Metadata-Version: 2.4
Name: adv_optm
Version: 0.1.6
Summary: A family of highly efficient, lightweight yet powerful optimizers.
Home-page: https://github.com/Koratahiu/Advanced_Optimizers
Author: Koratahiu
Author-email: hiuhonor@gmail.com
License: Apache 2.0
Keywords: llm,fine-tuning,memory-efficient,low-rank,compression,pytorch,optimizer,adam
Classifier: Programming Language :: Python :: 3
Classifier: License :: OSI Approved :: Apache Software License
Classifier: Operating System :: OS Independent
Classifier: Topic :: Scientific/Engineering :: Artificial Intelligence
Classifier: Topic :: Software Development :: Libraries :: Python Modules
Requires-Python: >=3.8
Description-Content-Type: text/markdown
License-File: LICENSE
Requires-Dist: torch>=2.0
Dynamic: author
Dynamic: author-email
Dynamic: classifier
Dynamic: description
Dynamic: description-content-type
Dynamic: home-page
Dynamic: keywords
Dynamic: license
Dynamic: license-file
Dynamic: requires-dist
Dynamic: requires-python
Dynamic: summary

# Advanced Optimizers

This repo introduces a new family of highly efficient, lightweight yet powerful optimizers, born from extensive research into recent academic literature and validated through practical training runs across diverse models.

---

### Install

`pip install adv_optm`

---

### Theory (Inspired by SMMF)

Based primarily on:  
**[SMMF: Square-Matricized Momentum Factorization for Memory-Efficient Optimization](https://arxiv.org/abs/2412.08894)**

The core innovation:
- Uses fast, non-negative matrix factorization (NNMF - rank 1), but **reconstructs the full state before each update** to preserve momentum accuracy, then re-factors afterward (factor → reconstruct → update → factor cycle).
- For the *signed first moment*, we split into **sign + absolute value**:
  - Sign is stored as **1-bit state** via bitwise ops (SMMF originally used 8-bit with 7 bits wasted).
  - Absolute value goes through the factor/reconstruct cycle using two factored vectors + the signed state.
- Final storage: **four factored vectors + one 1-bit sign**.
- Updates behave like full-state Adam but with drastically reduced memory.
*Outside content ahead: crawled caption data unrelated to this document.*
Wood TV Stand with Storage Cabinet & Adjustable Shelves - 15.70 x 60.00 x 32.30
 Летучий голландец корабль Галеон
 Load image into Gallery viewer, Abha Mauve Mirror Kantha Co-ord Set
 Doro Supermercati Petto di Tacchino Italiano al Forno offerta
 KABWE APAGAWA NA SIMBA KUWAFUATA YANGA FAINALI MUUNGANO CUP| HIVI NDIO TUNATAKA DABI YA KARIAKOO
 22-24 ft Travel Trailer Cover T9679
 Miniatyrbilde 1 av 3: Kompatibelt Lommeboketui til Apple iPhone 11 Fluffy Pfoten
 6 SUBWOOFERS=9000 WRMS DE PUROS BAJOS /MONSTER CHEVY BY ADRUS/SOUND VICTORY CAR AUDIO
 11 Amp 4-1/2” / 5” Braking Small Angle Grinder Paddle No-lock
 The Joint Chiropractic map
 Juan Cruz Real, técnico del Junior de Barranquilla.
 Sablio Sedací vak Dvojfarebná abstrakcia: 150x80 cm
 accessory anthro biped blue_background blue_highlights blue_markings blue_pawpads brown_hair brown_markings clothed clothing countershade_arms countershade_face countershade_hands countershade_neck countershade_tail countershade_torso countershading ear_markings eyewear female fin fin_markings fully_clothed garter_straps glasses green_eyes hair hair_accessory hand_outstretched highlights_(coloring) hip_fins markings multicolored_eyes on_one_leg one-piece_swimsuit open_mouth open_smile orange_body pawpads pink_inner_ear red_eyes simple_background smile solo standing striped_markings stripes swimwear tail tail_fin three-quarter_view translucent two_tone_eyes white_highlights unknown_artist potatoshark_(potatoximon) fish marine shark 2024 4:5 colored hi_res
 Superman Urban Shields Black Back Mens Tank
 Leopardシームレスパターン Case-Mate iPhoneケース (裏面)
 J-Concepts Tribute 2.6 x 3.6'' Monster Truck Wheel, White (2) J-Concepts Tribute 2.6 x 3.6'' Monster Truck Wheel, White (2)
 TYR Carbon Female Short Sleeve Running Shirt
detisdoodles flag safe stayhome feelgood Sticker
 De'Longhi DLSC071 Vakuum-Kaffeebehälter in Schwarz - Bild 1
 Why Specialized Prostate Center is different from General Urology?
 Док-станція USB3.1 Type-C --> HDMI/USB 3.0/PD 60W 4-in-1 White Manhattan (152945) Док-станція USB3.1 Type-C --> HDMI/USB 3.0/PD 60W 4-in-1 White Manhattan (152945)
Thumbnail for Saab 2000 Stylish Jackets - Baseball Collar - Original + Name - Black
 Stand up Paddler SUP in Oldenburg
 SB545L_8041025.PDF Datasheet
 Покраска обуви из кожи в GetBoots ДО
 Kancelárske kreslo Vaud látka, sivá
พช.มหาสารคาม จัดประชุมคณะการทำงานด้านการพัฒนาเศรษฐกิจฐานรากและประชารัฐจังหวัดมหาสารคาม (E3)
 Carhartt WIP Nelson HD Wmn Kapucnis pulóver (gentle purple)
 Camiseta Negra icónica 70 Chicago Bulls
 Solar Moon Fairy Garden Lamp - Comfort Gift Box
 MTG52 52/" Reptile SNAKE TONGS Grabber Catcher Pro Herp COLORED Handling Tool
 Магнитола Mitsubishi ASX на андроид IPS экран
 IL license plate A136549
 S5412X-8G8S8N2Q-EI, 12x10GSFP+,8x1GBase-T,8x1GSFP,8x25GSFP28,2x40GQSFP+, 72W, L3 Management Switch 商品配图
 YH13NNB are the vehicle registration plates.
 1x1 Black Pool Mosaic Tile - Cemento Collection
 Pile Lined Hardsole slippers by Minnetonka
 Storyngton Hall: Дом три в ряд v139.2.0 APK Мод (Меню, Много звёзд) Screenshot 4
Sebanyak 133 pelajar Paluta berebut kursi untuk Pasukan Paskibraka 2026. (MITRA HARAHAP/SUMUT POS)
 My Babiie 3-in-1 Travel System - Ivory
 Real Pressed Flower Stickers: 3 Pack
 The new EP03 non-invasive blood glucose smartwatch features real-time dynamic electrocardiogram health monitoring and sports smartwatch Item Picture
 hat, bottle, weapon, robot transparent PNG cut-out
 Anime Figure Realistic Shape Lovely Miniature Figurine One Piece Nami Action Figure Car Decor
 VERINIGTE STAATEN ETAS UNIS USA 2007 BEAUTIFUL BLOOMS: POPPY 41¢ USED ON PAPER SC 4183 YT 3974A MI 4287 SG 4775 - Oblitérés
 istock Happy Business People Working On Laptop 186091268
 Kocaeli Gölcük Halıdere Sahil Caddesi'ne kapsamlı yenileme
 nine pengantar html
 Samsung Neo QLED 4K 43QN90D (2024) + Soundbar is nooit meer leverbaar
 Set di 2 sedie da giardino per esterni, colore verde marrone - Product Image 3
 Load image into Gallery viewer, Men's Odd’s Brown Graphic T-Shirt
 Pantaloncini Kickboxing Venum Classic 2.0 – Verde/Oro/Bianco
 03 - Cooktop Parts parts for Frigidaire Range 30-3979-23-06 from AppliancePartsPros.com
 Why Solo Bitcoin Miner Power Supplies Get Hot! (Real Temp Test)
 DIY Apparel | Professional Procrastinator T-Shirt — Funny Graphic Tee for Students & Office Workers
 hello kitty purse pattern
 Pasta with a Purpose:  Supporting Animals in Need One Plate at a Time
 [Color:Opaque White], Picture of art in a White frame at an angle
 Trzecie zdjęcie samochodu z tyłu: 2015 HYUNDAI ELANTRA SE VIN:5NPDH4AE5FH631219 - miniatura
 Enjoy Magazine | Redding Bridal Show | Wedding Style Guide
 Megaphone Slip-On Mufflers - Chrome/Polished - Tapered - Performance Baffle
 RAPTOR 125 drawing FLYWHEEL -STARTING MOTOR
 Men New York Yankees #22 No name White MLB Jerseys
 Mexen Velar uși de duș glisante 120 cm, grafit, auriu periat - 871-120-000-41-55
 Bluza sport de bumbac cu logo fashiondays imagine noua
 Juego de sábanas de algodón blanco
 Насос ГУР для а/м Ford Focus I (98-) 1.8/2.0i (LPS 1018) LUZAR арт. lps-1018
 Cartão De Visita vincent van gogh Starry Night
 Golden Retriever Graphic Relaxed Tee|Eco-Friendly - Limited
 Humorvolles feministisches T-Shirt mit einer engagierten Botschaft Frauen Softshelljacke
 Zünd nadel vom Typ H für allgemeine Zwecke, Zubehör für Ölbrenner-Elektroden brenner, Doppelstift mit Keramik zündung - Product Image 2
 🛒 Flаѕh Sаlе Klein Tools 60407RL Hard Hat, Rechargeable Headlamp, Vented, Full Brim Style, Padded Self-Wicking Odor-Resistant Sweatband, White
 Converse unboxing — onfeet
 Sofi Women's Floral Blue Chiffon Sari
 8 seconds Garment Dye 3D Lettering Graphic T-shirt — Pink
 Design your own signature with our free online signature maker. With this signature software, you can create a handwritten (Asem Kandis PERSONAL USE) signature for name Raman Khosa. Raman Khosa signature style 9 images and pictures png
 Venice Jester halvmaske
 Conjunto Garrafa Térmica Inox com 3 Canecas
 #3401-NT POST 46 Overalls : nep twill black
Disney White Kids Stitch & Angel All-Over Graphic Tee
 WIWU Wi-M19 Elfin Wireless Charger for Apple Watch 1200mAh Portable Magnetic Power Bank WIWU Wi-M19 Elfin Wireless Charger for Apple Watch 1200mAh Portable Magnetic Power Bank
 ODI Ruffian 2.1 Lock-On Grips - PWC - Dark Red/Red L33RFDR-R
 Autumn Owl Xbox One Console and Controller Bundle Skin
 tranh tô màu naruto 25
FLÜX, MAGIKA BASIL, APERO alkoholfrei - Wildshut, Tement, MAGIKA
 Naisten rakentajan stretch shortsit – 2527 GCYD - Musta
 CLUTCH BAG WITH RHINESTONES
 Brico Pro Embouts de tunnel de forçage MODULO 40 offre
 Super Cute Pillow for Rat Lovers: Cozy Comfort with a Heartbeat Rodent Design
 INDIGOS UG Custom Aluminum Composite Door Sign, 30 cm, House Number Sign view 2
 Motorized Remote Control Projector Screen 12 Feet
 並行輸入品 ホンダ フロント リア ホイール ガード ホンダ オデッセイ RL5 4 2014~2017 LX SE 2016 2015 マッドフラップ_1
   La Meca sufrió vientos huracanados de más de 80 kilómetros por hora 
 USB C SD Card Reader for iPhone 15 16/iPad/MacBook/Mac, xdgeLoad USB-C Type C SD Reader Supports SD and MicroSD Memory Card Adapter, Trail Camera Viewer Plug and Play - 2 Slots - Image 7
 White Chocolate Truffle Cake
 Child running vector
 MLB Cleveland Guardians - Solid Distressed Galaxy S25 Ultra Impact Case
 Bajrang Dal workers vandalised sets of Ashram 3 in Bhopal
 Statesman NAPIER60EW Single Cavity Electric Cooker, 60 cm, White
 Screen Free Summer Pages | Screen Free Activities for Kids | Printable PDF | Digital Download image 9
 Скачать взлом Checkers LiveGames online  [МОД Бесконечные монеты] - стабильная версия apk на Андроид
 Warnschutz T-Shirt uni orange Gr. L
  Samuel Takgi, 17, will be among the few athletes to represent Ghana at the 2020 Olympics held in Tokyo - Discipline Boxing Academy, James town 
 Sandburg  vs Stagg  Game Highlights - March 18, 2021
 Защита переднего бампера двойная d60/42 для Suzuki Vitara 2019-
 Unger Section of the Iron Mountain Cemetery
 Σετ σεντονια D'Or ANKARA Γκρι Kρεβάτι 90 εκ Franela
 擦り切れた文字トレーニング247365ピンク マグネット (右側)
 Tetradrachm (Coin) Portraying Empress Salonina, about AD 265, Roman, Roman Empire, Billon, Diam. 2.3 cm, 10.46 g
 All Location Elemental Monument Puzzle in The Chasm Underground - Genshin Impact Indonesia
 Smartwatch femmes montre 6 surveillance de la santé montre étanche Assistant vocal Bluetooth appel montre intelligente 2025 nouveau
> ✅ **TL;DR**: Lightweight, strong, memory-efficient optimizer.

---

### Memory Cost

- **Adopt_Factored** for full SDXL finetune: **328 MB** (4 small vectors + 1-bit state)
- **Adopt_Factored with AdEMAMix** for full SDXL finetune: **625 MB** (6 small vectors + two 1-bit states)
> SDXL is 6.5GB model.

---

### ⏱️ Speed (my tests in SDXL - BS 4)

- **Adopt_Factored**: ~10s/it
- **Adopt_Factored with AdEMAMix**: ~12s/it
- **Adafactor**: ~8.5s/it  
→ Overhead from compression/reconstruction cycles.
→ It's faster than [MLorc](https://arxiv.org/abs/2506.01897) (~12s/it), which uses RSVD compression, and should be the fastest momentum compression (AFAIK).

---

### 📈 Performance

- **Better than Adafactor, and CAME factorzation methods**
- **Comparable or identical to Adam** (see SMMF paper results)

---

### Available Optimizers (all support `Factored` toggle)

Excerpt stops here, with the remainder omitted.